Les établissements de spectacles itinérants valent mieux que ce jeu de cache-cache qui conduit certains d’entre eux à se soustraire à la loi. Il y a déjà longtemps que tout le monde sait que, dans certains cirques, les animaux sont maltraités. Les associations de défense des animaux militent contre la captivité des animaux sauvages dans les cirques, mais elles ne sauraient se substituer au législateur.

Leur mission première est de dénoncer les situations de maltraitance et de les porter sur la place publique afin que le sort des animaux, qui intéresse de plus en plus de personnes, soit connu, que les éléphants, dont tout le monde reconnaît l’intelligence et la majesté et dont l’espèce est menacée, ne dépérissent pas dans l’indifférence et qu’en l’absence de décision politique claire et courageuse, les lois existantes soient au moins respectées.

La spécificité d’une association comme One Voice est de savoir dialoguer avec les acteurs pour chercher des solutions pouvant convenir à tout le monde. Il n’est pas dans l’intérêt du cirque La Piste aux étoiles de se ruiner en procès ni de perdre tout prestige aux yeux d’un public qui, même quand il continue à aller voir des spectacles avec animaux, ne tolère pas qu’ils soient maltraités.

Muriel Arnal, la présidente de One Voice, a apporté une aide financière conséquente à Elephant Haven, installé à Bussière-Galant, afin qu’il puisse accueillir Maya. Tout est prêt pour elle et, de toute façon, elle ne peut plus travailler. Faut-il attendre qu’elle décède ? Faut-il attendre un accident ? Doit-on donner raison à ceux qui disent que la voie de la réforme, du dialogue et du droit est vaine et que seul un scandale permettra de changer les choses ?
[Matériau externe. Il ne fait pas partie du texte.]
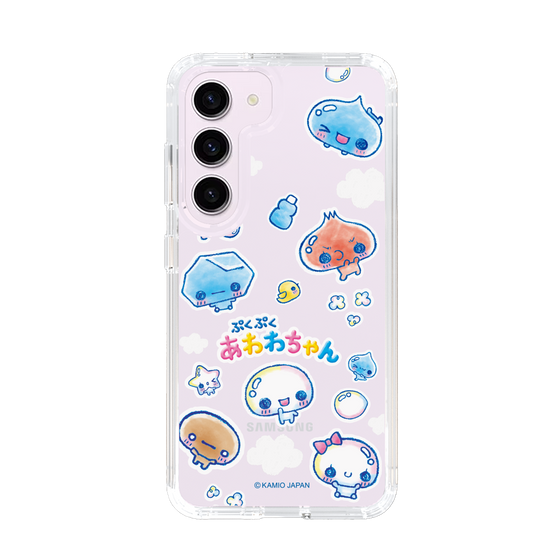 スリムプロテクションケース［ ぷくぷくあわわちゃん - ステッカー ］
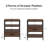 Two Nightstand With Storage, Built-in Outlets, and Drawer for Bedroom and Living Room and Built-in Outlets-108772214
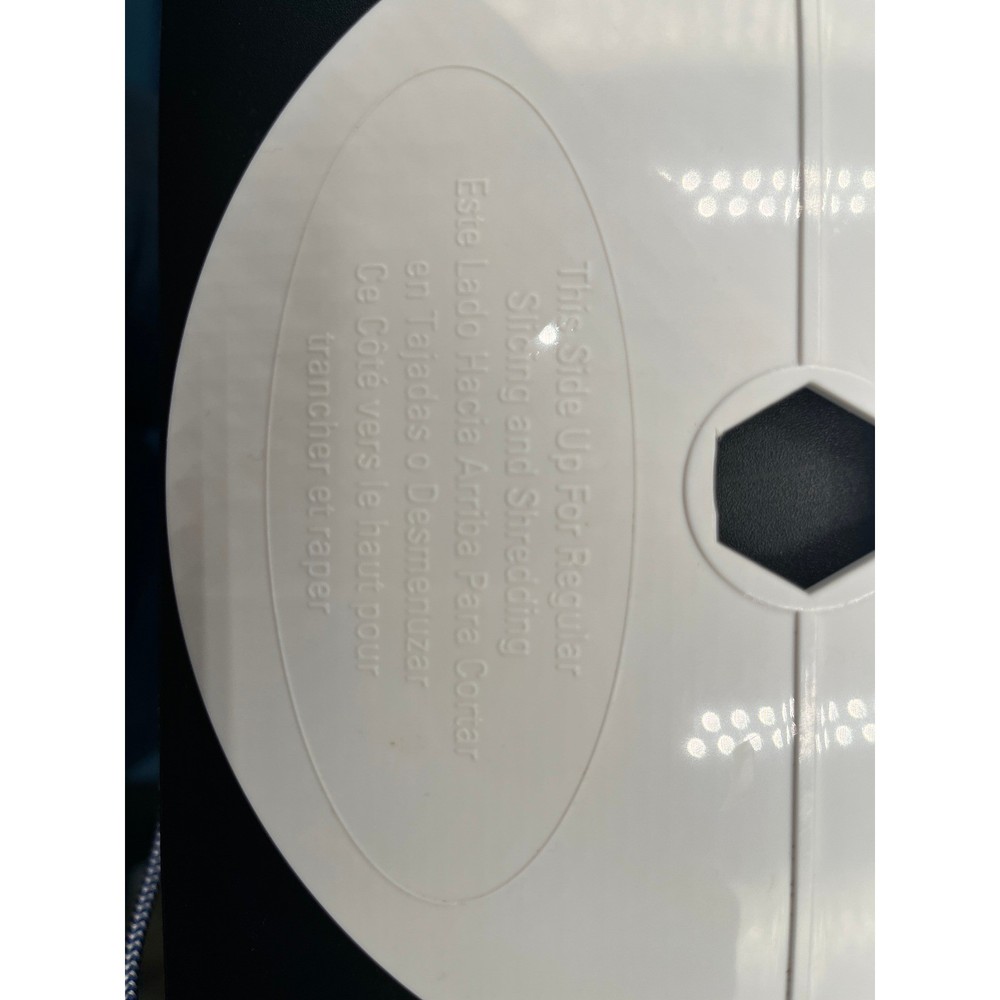 Black & Decker Quick 'n Easy Plus Food Processor Discharge Disc & Stem FP1400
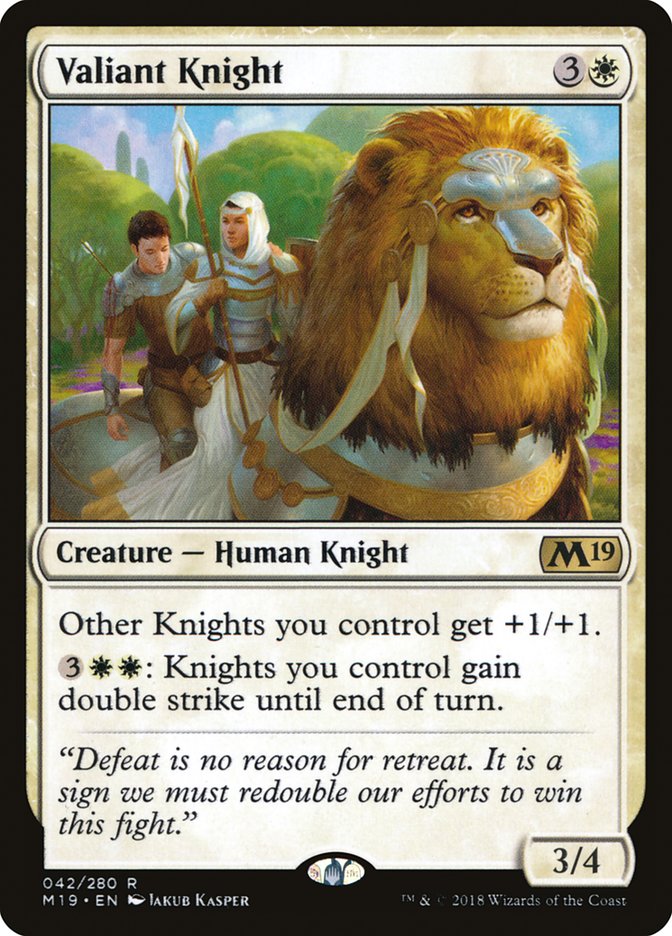Valiant Knight Magic Core Set 2019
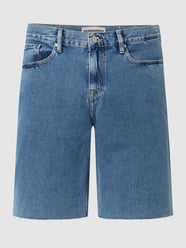 Korte jeans van biologisch katoen, model 'Aasko' van Armedangels Blauw - 41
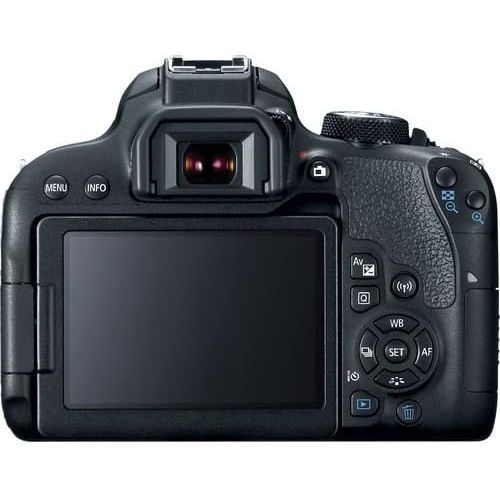  Grace Photo Canon EOS Rebel T7i Digital SLR Camera & EF-S 18-55mm f/4-5.6 is STM Lens, EF 75-300mm f/4-5.6 III - Built-in Wi-Fi with NFC, with 32GB Class 10 Memory Card, Wireless Remote & 100E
Il ne s’agit pas d’un rapport de force entre défenseurs de la cause animale et circassiens, mais d’une exigence de justice : nous voulons que la loi soit appliquée. Maya doit pouvoir jouir d’une retraite bien méritée. Ou alors c’est que nous ne sommes plus dans un Etat de droit.

Signataires :

Laurent Baheux, photographe animalier, Thierry Bedossa, vétérinaire praticien, ancien élève de l’école vétérinaire de Maison-Alfort, Allain Bougrain-Dubourg, journaliste, président de la Ligue pour la protection des oiseaux (LPO), Sophie Dol, vétérinaire praticien, ancien élève de l’école vétérinaire de Maison-Alfort, Loïc Dombreval, vétérinaire, député LREM, président du groupe d’étude «condition animale» à l’Assemblée nationale, Pascal Durand, eurodéputé écologiste Ile-de-France et hors de France, Yolaine de La Bigne, journaliste, fondatrice de l’Université d’été l’animal et l’homme, Frédéric Lenoir, philosophe, fondateur de Ensemble pour les animaux, Laurence Parisot, chef d’entreprise et présidente d’honneur du Medef, Corine Pelluchon, philosophe, professeur à l’Université-Marne-La-Vallée, Jacques Perrin, cinéaste, Franck Sorbier, grand couturier et Maître d’art.

Tout cela est totalement déconnecté du travail pour conquérir l’opinion publique, de la bataille démocratique, du principe comme quoi :

– le véganisme est incontournable ;

– le véganisme ne peut qu’être porté naturellement par le peuple , les gens normaux ;

– la situation historique et planétaire est catastrophique et il faut mobiliser, renverser la table, faire la révolution et non pas tergiverser ou laisser la parole aux « experts ».